HMRC Expands Informant Reward Scheme: 15–30% Payouts for High-Value Tax Fraud Reports

On 8 July 2026 HMRC published new guidance for its Strengthened Reward Scheme — offering informants 15% to 30% of tax recovered when reports lead to at least £1.5 million in additional collections.

On 8 July 2026 HM Revenue & Customs released new support materials — including a webinar and explainer video — for its Strengthened Reward Scheme for informants who report serious tax fraud and avoidance. The scheme is a significant expansion of HMRC's existing lower-value informant programme.

The launch arrives as HMRC reports record compliance yield of £48 billion in 2024–25 and targets £50.4 billion for 2025–26. With the estimated tax gap at 6.4% (£59.2 billion) for 2024–25, enforcement investment and third-party intelligence remain central to the department's strategy.

How the strengthened reward scheme works

Informants may receive between 15% and 30% of the value of additional tax collected by HMRC because of information they provide — but only where recovery reaches at least £1.5 million. Rewards are discretionary, not guaranteed, and are paid once tax has been collected and the matter is resolved.

The scheme specifically targets serious non-compliance involving large companies, wealthy individuals, offshore structures, and avoidance schemes. The existing scheme for lower-value reporting remains in place alongside the strengthened tier.

HMRC cannot provide feedback on reports made. Informants should not tell others they have submitted information. HMRC will contact eligible reporters if more detail is needed or if a reward may apply.

Reporting through the Fraud Reporting Gateway

Anyone with information about suspected tax fraud or avoidance can report it through HMRC's online Fraud Reporting Gateway — search 'report fraud HMRC' on GOV.UK. To be considered for a reward, informants must provide contact details as part of their report.

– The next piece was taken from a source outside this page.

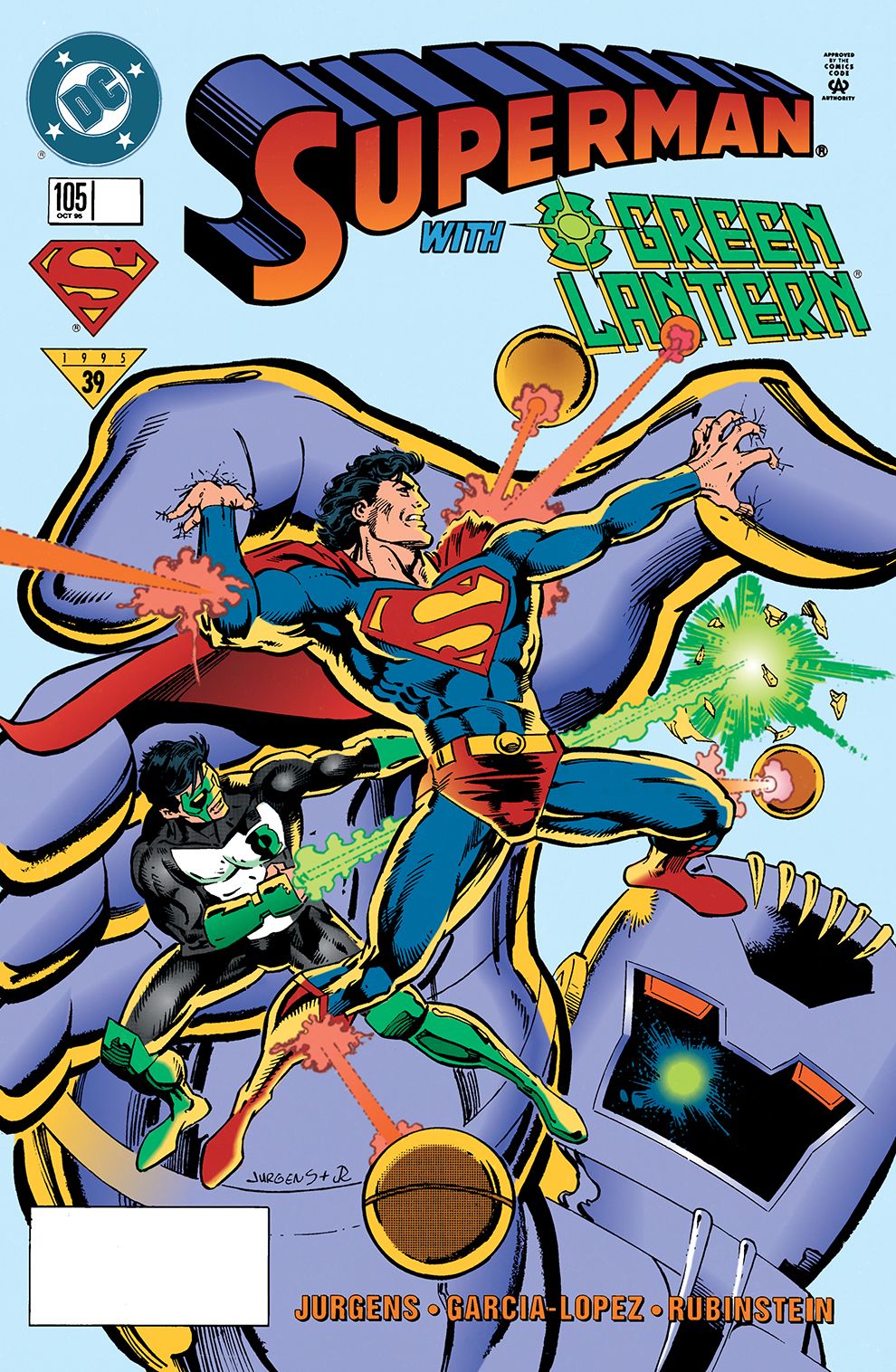Superman (1986-) #105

The new explainer video sets out what the scheme covers, what rewards eligible informants could receive, and how information helps HMRC tackle the tax gap and fund public services. A webinar provides additional guidance for those considering a report.

Reports should focus on factual, verifiable information — entity names, transaction patterns, offshore connections, and documentary evidence strengthen the case for investigation and eventual recovery.

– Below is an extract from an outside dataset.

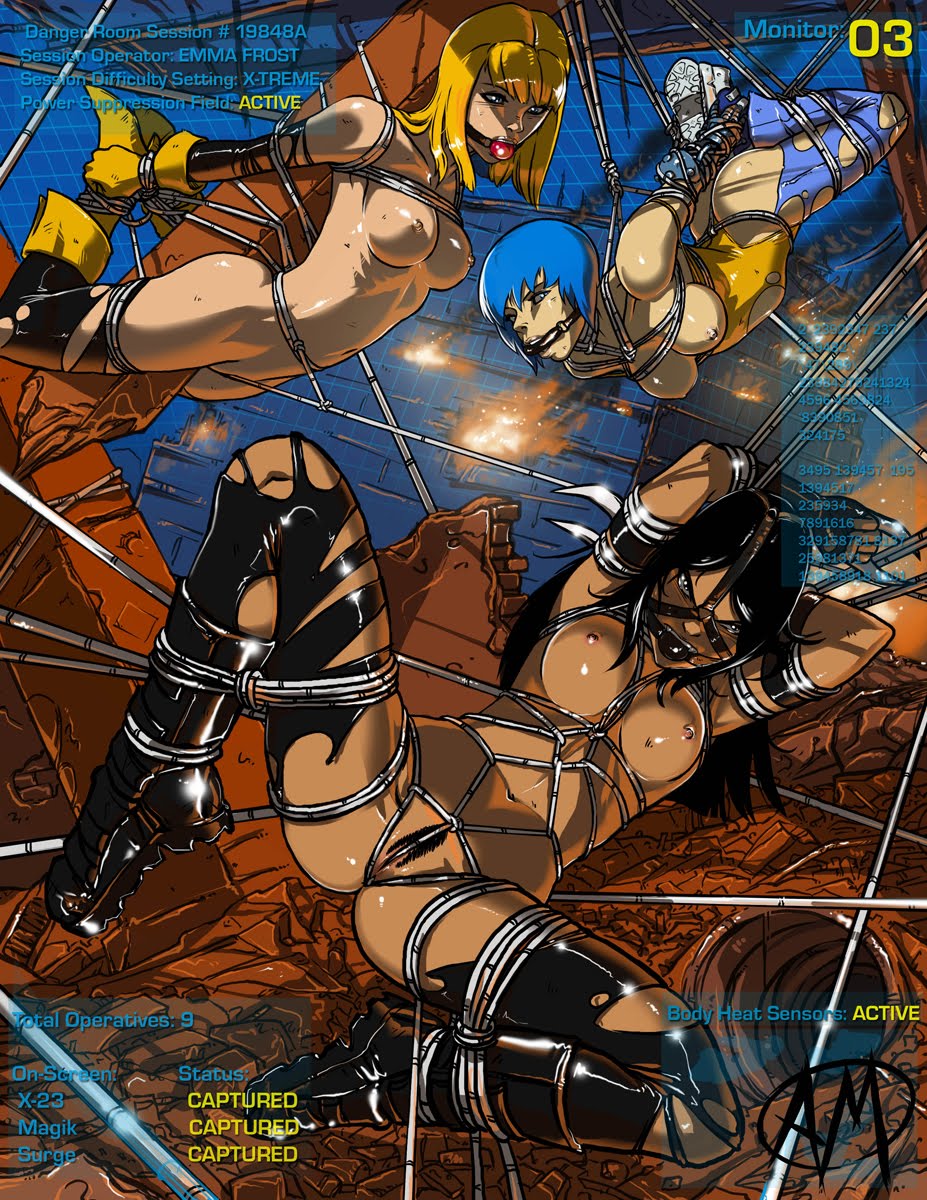 Emma Frost's Special Training page 5 full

Compliance implications for businesses

The strengthened scheme signals HMRC's continued focus on high-value evasion and avoidance — particularly where sophisticated structures obscure beneficial ownership or shift profits offshore. Large corporates and wealthy individuals face elevated third-party scrutiny risk.

For compliant businesses, the scheme reinforces why robust transfer pricing documentation, beneficial ownership registers, and accurate VAT and PAYE filings matter. HMRC's AI-assisted triage and expanded compliance workforce mean tip-offs feed faster into casework.

Agents and advisers should remind clients that whistleblower reports are one intelligence stream among many — HMRC also uses data matching, CONNECT analytics, and international exchange of information under CRS and DAC.

What to do now

Review your tax governance: ensure R&D claims, transfer pricing, disguised remuneration, and VAT partial exemption positions are documented and defensible. Gaps that look like deliberate non-compliance attract both HMRC investigation and potential informant reports.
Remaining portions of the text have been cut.